Note how we have "duplicate" data because every worker runs the same input code.

This is best used when you have an input source that can be partitioned without coordination, like a Kafka topic or partitioned Parquet files or logs from individual servers, and need higher throughput. Unlike run_cluster(), all steps (including input and output) are run in parallel.

Multiple Workers Manual Cluster

The final entry point, bytewax.cluster_main() is the most flexible. It allows you to start up a single process within a cluster of processes that you are manually coordinating. The input and output API also use builders, but you have to pass in the network addresses of the other processes you have started up yourself and assign them each a unique ID.
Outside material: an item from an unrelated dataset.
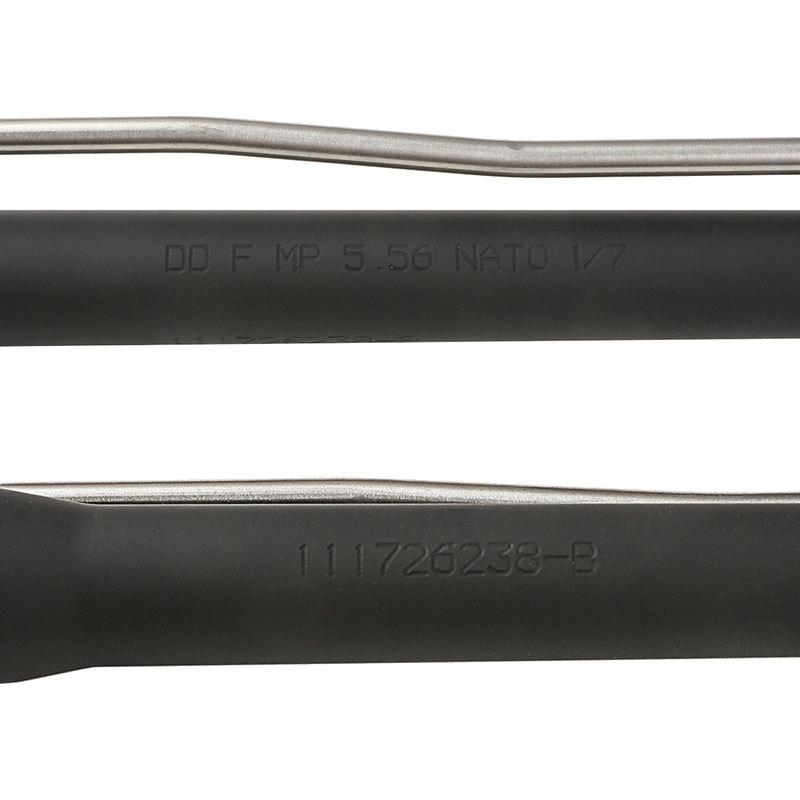 Zparts Geissele 10.3inch東京マルイMWS用アウターM4 Zparts Geissele URG-I/Mk16タイプ DD GOV 10.3inchスチールアウター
cluster_main() takes in a list of hostname and port of all workers (including itself). Each worker must be given a unique process ID.

As in spawn_cluster(), the input builder function passed to a manual input configuration should return an iterable that yields (epoch, item) tuples. Likewise, if you are using a KafkaInputConfig, epochs will be managed based on the messages_per_epoch parameter.

The output builder function should return a callback function that can be called with each epoch and item of output produced.

cluster_main() blocks until the dataflow is complete.

from bytewax import cluster_main
from bytewax.inputs import AdvanceTo, Emit, ManualInputConfig


def input_builder(worker_index, worker_count, resume_epoch):
    for epoch, x in enumerate(range(resume_epoch, 3)):
        yield AdvanceTo(epoch)
        yield Emit({"input_from": worker_index, "x": x})


def output_builder(worker_index, worker_count):
    def output_handler(epoch_item):
        epoch, item = epoch_item
        test_print("Epoch:", epoch, "Worker", item["input_from"], "introduced:", item["x"])

    return output_handler


flow = Dataflow()


def incr(item):
    item["x"] += 1
    return item


flow.map(incr)
flow.capture()


addresses = [
    "localhost:2101",
    # You would put the address and port of each other process in the cluster here:
    # "localhost:2102",
    # ...
]
cluster_main(
    flow,
    ManualInputConfig(input_builder),
    output_builder,
    addresses=addresses,
    proc_id=0,
    worker_count_per_proc=2
)

In this toy example here, the cluster is only of a single process with an ID of 0, so there are only two workers in the sample output:

Epoch: 0 Worker 0 introduced: 1
Epoch: 0 Worker 1 introduced: 1
Epoch: 1 Worker 0 introduced: 2
Epoch: 1 Worker 1 introduced: 2
Epoch: 2 Worker 0 introduced: 3
Epoch: 2 Worker 1 introduced: 3

This is best used for using Bytewax as a long-running data processing service. You can scale up to take advantage of multiple machines.

It still requires input and output to be partitioned (and workers to read non-overlapping input). There is overhead of pickling and sending items between processes when aggregation needs to occur.